Anyway, longstoryshort, the Google campus is full of free bikes. It also has a tiny swimming pool that I assume has some kind of current or something so that you can swim in it while staying in the same place. And that was the only interesting thing that I saw. Other than that, it just looked like a massive office park. Physically speaking, there was really nothing special about it. I feel like I’ve heard so much yammering about how these campuses are amazing paradises, but at least architecturally speaking, they are not. The World Bank complex in DC, where I used to work, was a much cooler looking place. It was a ten-story building with a massive internal atrium that went all the way to the top, so the entire building was very open and airy. In fact, if you’re talking about impressive office buildings, I feel like the government has the private sector beat, because all of our nation’s most celebrated buildings–the White House, the Pentagon, the Capitol–are basically government office buildings.

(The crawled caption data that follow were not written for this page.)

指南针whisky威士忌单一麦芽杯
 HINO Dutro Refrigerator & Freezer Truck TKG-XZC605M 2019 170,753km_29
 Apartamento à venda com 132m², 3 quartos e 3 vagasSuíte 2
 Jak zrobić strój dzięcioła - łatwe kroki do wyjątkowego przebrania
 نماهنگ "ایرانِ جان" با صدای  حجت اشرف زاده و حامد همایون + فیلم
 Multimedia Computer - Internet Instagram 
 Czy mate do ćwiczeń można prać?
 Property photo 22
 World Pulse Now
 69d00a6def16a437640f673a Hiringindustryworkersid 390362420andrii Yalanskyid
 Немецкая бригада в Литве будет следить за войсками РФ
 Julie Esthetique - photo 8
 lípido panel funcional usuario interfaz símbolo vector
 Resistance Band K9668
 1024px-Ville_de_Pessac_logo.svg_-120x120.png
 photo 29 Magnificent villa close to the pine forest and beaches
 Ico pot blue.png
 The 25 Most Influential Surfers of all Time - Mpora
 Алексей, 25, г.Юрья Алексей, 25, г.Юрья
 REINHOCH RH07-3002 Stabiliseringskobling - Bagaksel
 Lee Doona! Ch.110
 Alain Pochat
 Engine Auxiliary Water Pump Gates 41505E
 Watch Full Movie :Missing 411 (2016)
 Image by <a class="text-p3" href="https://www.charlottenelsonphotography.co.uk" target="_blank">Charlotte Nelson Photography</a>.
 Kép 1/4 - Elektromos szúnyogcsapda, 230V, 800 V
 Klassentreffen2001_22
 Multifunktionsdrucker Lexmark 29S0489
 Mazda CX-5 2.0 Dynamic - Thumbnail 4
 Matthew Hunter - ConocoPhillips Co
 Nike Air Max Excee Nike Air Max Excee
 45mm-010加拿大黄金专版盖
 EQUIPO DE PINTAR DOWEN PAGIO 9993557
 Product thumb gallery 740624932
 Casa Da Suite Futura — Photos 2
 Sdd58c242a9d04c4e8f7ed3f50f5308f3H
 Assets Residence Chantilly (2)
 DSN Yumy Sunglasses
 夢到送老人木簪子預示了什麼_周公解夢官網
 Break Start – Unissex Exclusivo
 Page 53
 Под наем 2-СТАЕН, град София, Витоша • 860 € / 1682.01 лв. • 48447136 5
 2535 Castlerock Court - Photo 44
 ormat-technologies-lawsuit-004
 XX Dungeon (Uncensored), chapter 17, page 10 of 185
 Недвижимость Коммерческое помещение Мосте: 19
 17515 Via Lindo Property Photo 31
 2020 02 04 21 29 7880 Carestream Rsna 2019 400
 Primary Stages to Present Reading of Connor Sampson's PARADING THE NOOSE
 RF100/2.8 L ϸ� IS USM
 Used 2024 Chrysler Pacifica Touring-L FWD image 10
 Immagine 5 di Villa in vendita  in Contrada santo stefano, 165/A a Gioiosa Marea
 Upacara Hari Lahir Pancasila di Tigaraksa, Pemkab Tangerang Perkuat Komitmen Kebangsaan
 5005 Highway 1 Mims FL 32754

I guess skyscrapers are something else, though. It’s been years since I’ve been inside a really tall skyscraper, but I imagine that those are somewhat cool. Still, the Googleplex was not nearly as cool as a really tall skyscraper (although I learned today, from Wikipedia, that Google also owns Manhattan’s third-largest office building, so there is that).
Still, there was something weirdly impressive about it. I did enjoy walking amongst all the buildings and all thin and moderately-attractive young people who seemed to be so at ease and sure of their place in the world. It was like a college that only had graduate students. And it was strange to reflect that Google was only founded in 1998 and only moved to Mountain View in 2004. All of this–everything I was seeing–was only ten years old.